Une des péripéties les plus théâtrales des débuts de la
Psychanalyse. Les pionniers jettent sur leur divan les
femmes qu'ils vont aimer, et se les repassent pour finir
les analyses en train. Violation de règles déontologiques ?
Quelles règles ? Tout est à inventer ! Vaudeville ? Certes, en
partie... !
Le Professeur, grand maître de la Psychanalyse, vient
préparer ses vacances avec son disciple et ami, Laszlo. Le
début restitue d'assez près la vie des pionniers, tirant parti
des périodes où ils se détendent et se révèlent pleins de vie
et de drôlerie. Mais on peut compter sur les personnalités en
présence pour ne pas se limiter à la farce.

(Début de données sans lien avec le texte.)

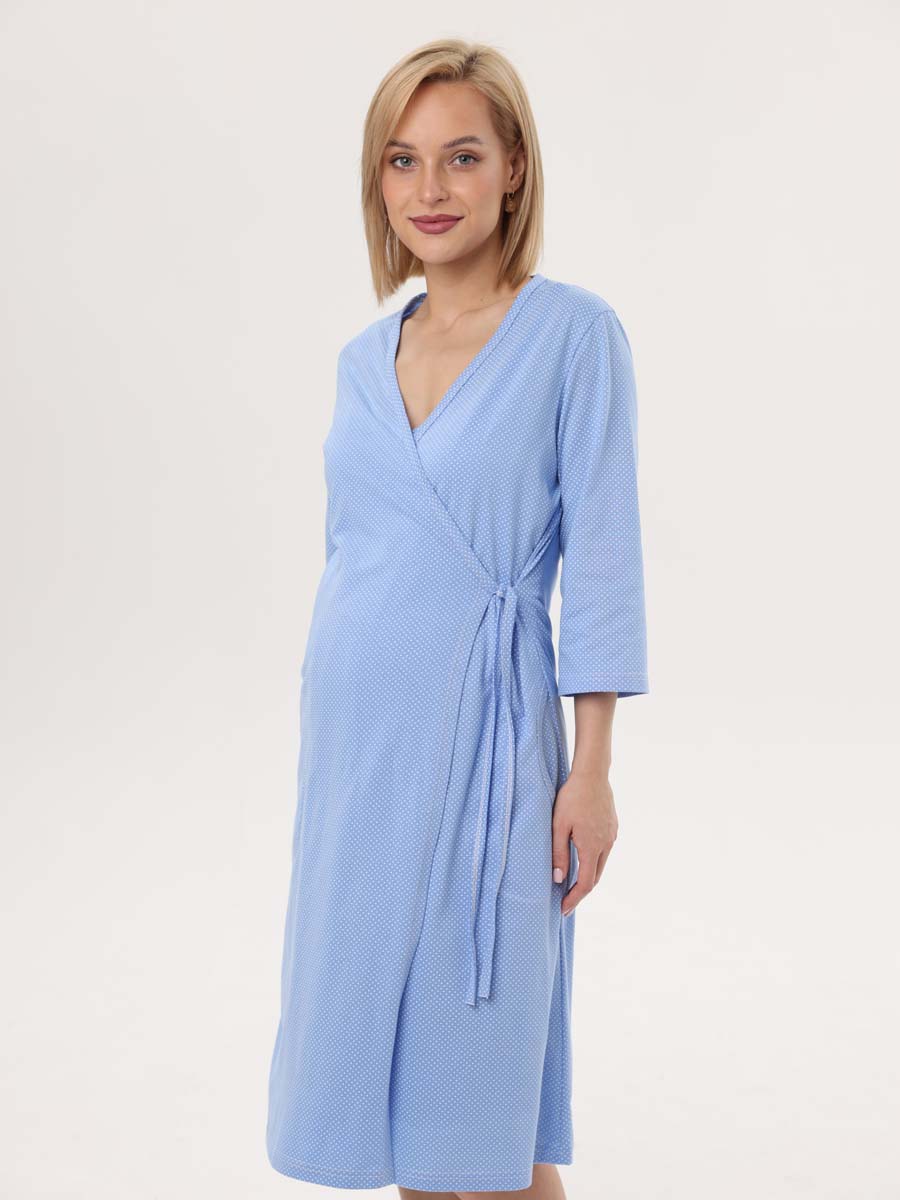Комплект халат с сорочкой 24020 для беременных и кормящих голубой/белый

Laszlo est amoureux d'une de ses patientes, plus âgée que
lui. Puis de la fille de celle-ci, qu'il épouserait, à la demande
de sa mère, si la petite ne regimbait pas contre l'analyse. Il
demande au Professeur de terminer l'analyse. Celui-ci,
d'abord réticent, y consent finalement.
Il ne s'agit pas d'une biographie hyper-romancée, selon le
genre qui triomphe aux U.S.A. pour les grands peintres. La
pièce se développe selon ses propres lois, décollant de la
réalité, telle qu'elle nous est parvenue. Le Professeur,
emporté par la mécanique du théâtre, suivra son destin de
personnage de théâtre. Il se fera "roussir aux feux de
l'amour" au chevet de sa jeune patiente. C'est dans l'ordre
théâtral des choses... Même si cela s'écarte de ce qui nous
est parvenu officiellement de l'histoire de la Psychanalyse.